As it is with any college sport, recruiting is imperative in college hoops. It's the lifeblood of the sport.

Collins, a former Duke assistant, has done work on the recruiting trail, and he laid the groundwork for the program's resurgence with a monster -- by Northwestern standards -- class in 2014. That coup was headlined by Vic Law, a four-star recruit from Chicago, but it also contained Scottie Lindsey, Bryant McIntosh and Gavin Skelly -- four players who, as we'll see, are at the forefront of Northwestern's emergence.

The 2014 group was the nation's 31st-ranked class, per ESPN. It was rarefied air for the Wildcats, and it gave them a better-ranked class that year than national powers Villanova and Michigan State.

When you win on the recruiting trail, you usually start winning games, and that's exactly what's happened for Collins. After a 14-19 campaign in his debut season, the Wildcats have increased their win total each year, culminating with a 16-4 start to this season.

Year Record
2013-14 14-9
2014-15 15-17
2015-16 20-12
2016-11 16-4


Amazingly, Northwestern has never won more than 20 games in a season, but they should -- barring disaster -- fly past that mark this year.

And nothing about their statistical NCAA Tournament resume screams fluke. They already have four road wins in the Big Ten, matching their total from last season, and three of their four defeats -- to Butler, Notre Dame and Minnesota -- have come by a combined 10 points. The Gophers, Bulldogs and Fighting Irish all rank in the top 33 of our rankings.

The Wildcats' other loss was an 11-point defeat at Michigan State. Losing in East Lansing is rarely a black eye on a tourney resume, even if this year's Spartans aren't as strong as a typical Tom Izzo team.

On the Attack

Collins' teams in Evanston have traditionally played solid defense. Even in a 14-win effort in 2013-14, the Wildcats ranked 23rd in defensive efficiency, per KenPom's metrics.

It's been the constant improvement of the offense that's kept Northwestern on the up and up. Again, using KenPom's metrics, the Wildcats' offense has rated better each season under Collins.

YearOffensive Ranking
2016-1734th
2015-1672nd
2014-15101st
2013-14288th


This year, the offense checks in at 34th in the nation, the program's second-best offense in KenPom's database, which dates back to 2002.

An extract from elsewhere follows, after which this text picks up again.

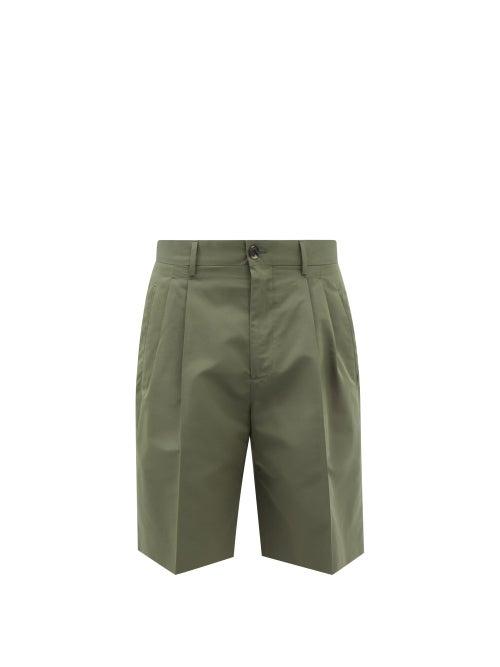 Umit Benan B+ - Pleated Hopsack Shorts - Mens - Green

The Wildcats' two highest-scoring seasons in school history -- according to Sports-Reference, whose team stats go back to 1994-95 -- have been the last two years. They're pouring in 75.5 points per game this season after scoring 72 points per night in 2015-16.

Going back to 2014 recruiting class of Law, McIntosh, Lindsey and Skelly, the foursome has been vital to this year's squad.

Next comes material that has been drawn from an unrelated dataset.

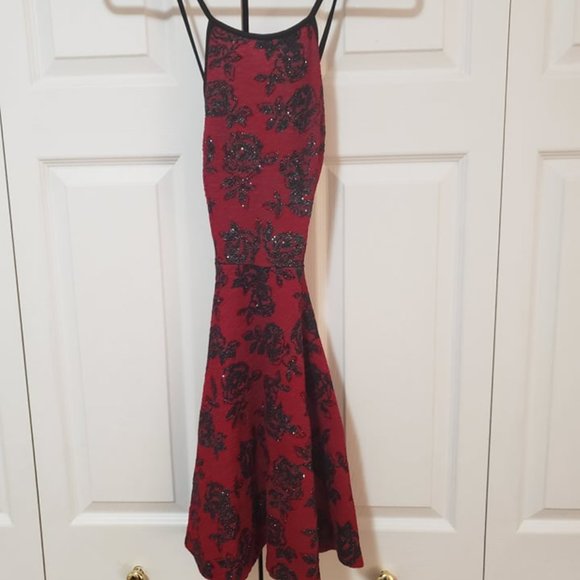 Eclipse Red and Black Party Dress - Picture 1 of 3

Lindsey has been a force for the Wildcats. His 3.1 win shares rank fourth in the Big Ten, and he's leading the team in points (16.3), steals (1.3) and three-pointers (2.2) per game. Law, after missing last year due to injury, is averaging 14.1 points and a team-best 5.8 boards while sinking 43.7% of his 3-point tries. McIntosh is dishing out 5.4 assists per contest, and he's hitting 90.4% from the free throw line in addition to averaging 12.6 points. Skelly is putting up per-game averages of 7.7 points, 4.8 boards and 1.8 blocks.

It's not all offense, though. Northwestern is limiting opponents to a 47.6% true shooting percentage, which ties for 10th in the nation.

Moving Forward

The Wildcats are a well-rounded squad and one our rankings see as the Big Ten's fourth-best team. Over the past six seasons, on average, the Big Ten has put 6.67 teams into the NCAA Tourney. Even in what's been a down year for the conference, if Northwestern can lock up a top-five finish in the league, they'll have a hard time not getting an at-large bid.

The lackluster Big Ten does limit the Wildcats' chances for marquee wins outside of games against Purdue and Wisconsin, the only Big Ten teams in the top 25 of our ratings, but it also means Northwestern should be able to win more games -- like beating Ohio State in Columbus for the first time since 1977, which they did last weekend.

The Wildcats' next five games will be a telling stretch. Among that run, they'll host Indiana before traveling to Purdue and Wisconsin -- with home games against Nebraska and Illinois mixed in. If the Wildcats emerge from this stretch still near the top of the Big Ten standings, it'll all but cement a spot in the big dance.